═══ Available data

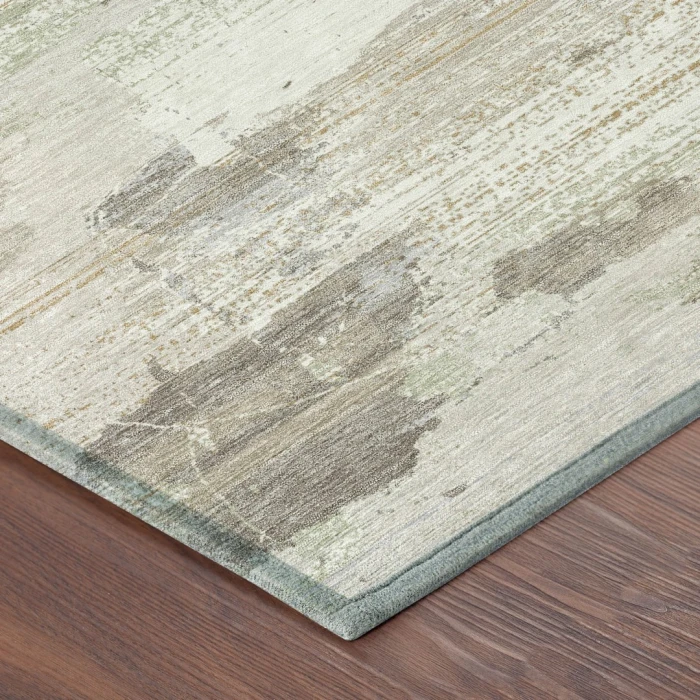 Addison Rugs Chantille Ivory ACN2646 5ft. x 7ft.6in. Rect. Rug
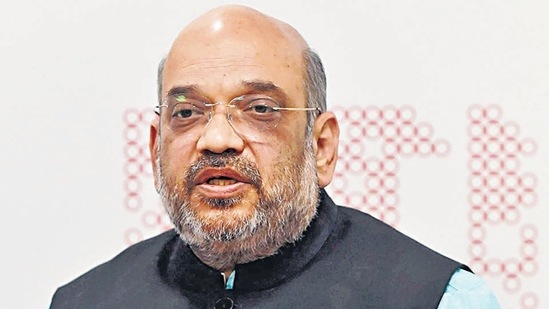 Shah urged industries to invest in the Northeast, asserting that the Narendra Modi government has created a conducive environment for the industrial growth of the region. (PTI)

══════
═══ Available data

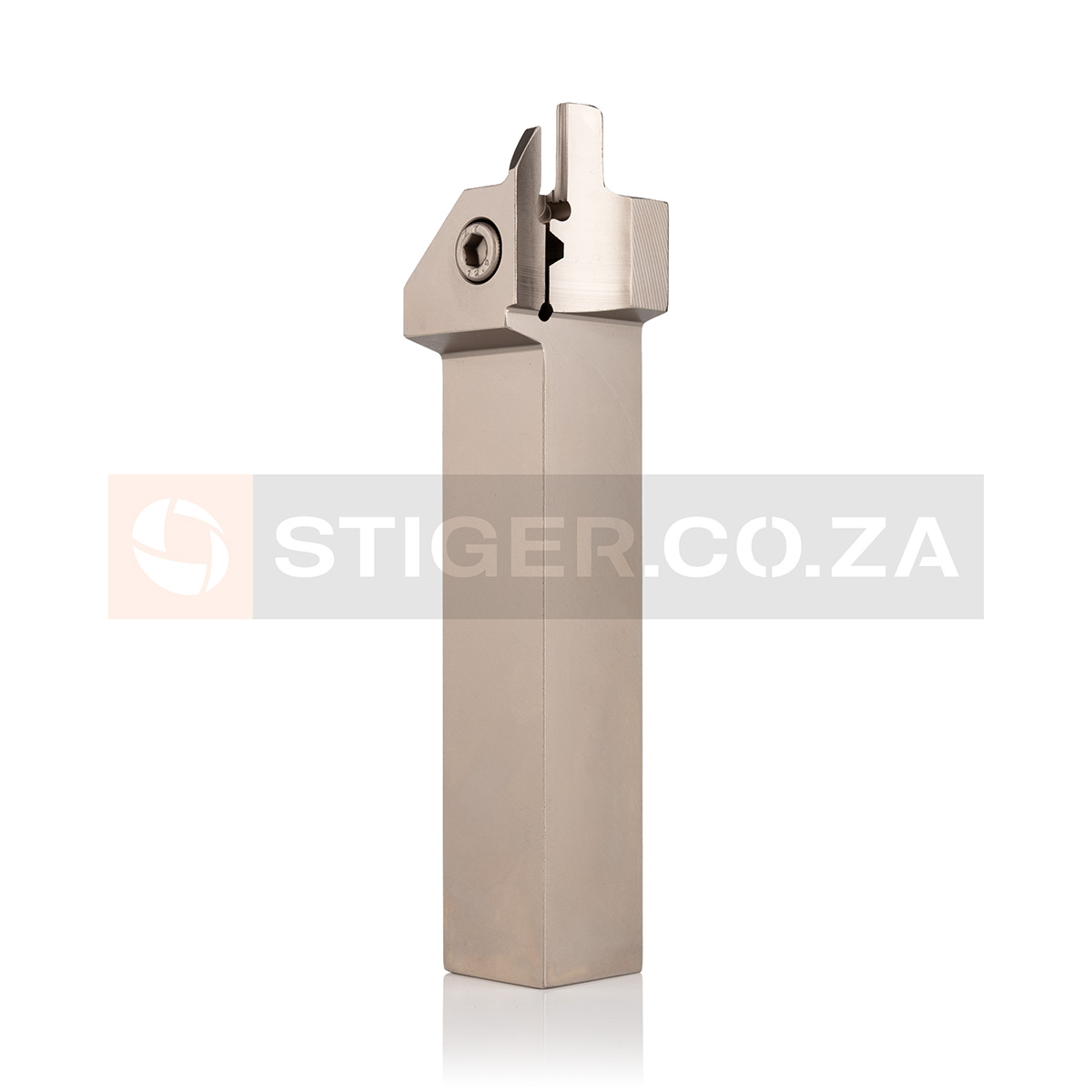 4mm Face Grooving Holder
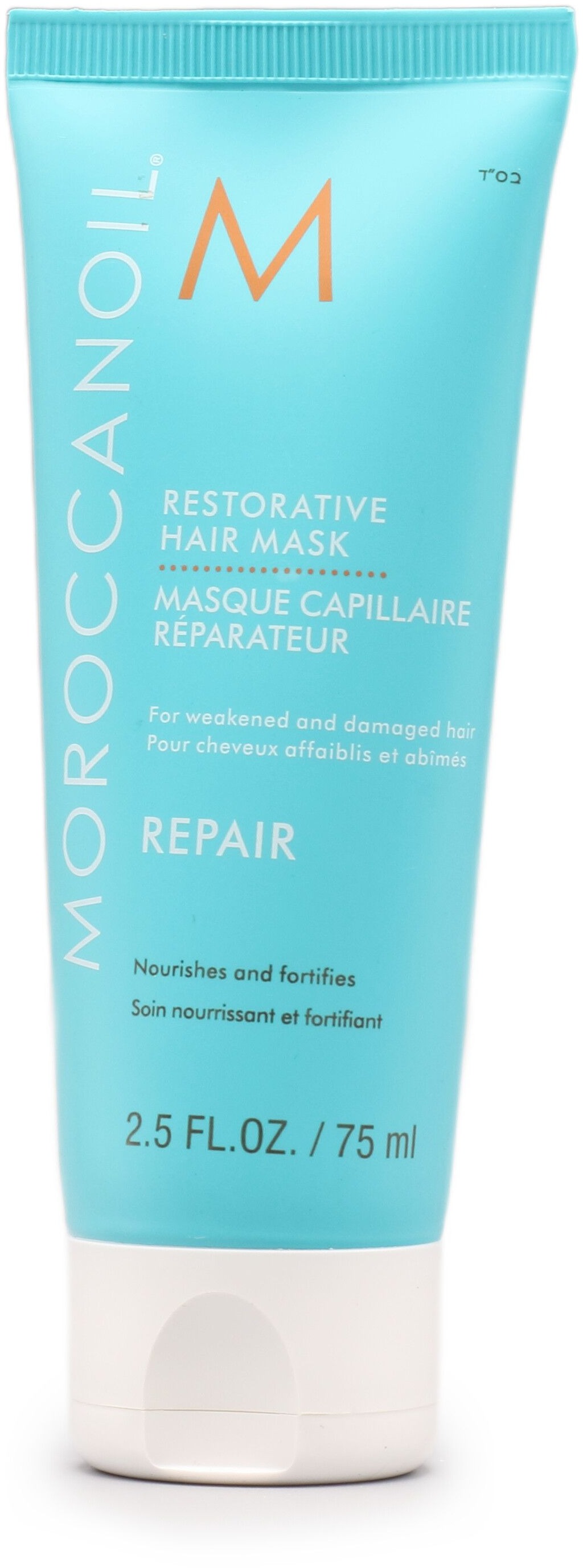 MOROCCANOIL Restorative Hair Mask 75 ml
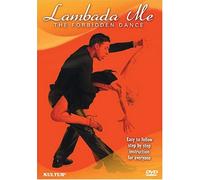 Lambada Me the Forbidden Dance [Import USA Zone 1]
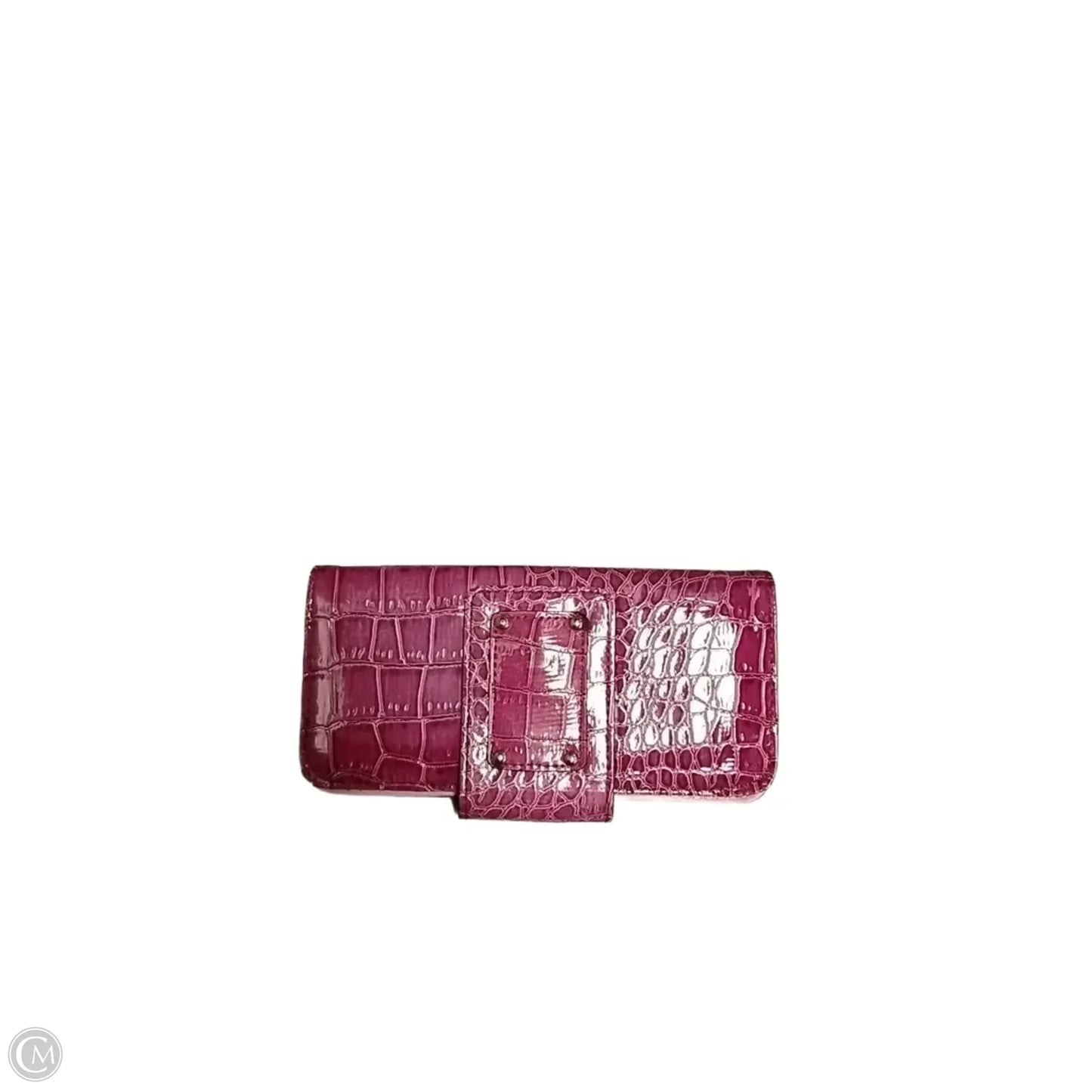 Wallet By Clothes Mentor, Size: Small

══════

A word-for-word reproduction is needed of the lines above from the line containing "MOROCCANOIL Restorative Hair Mask 75 ml" through the line containing "Wallet By Clothes Mentor, Size: Small", with both ends kept and no pictures.

Output below →
 MOROCCANOIL Restorative Hair Mask 75 ml
 Lambada Me the Forbidden Dance [Import USA Zone 1]
 Wallet By Clothes Mentor, Size: Small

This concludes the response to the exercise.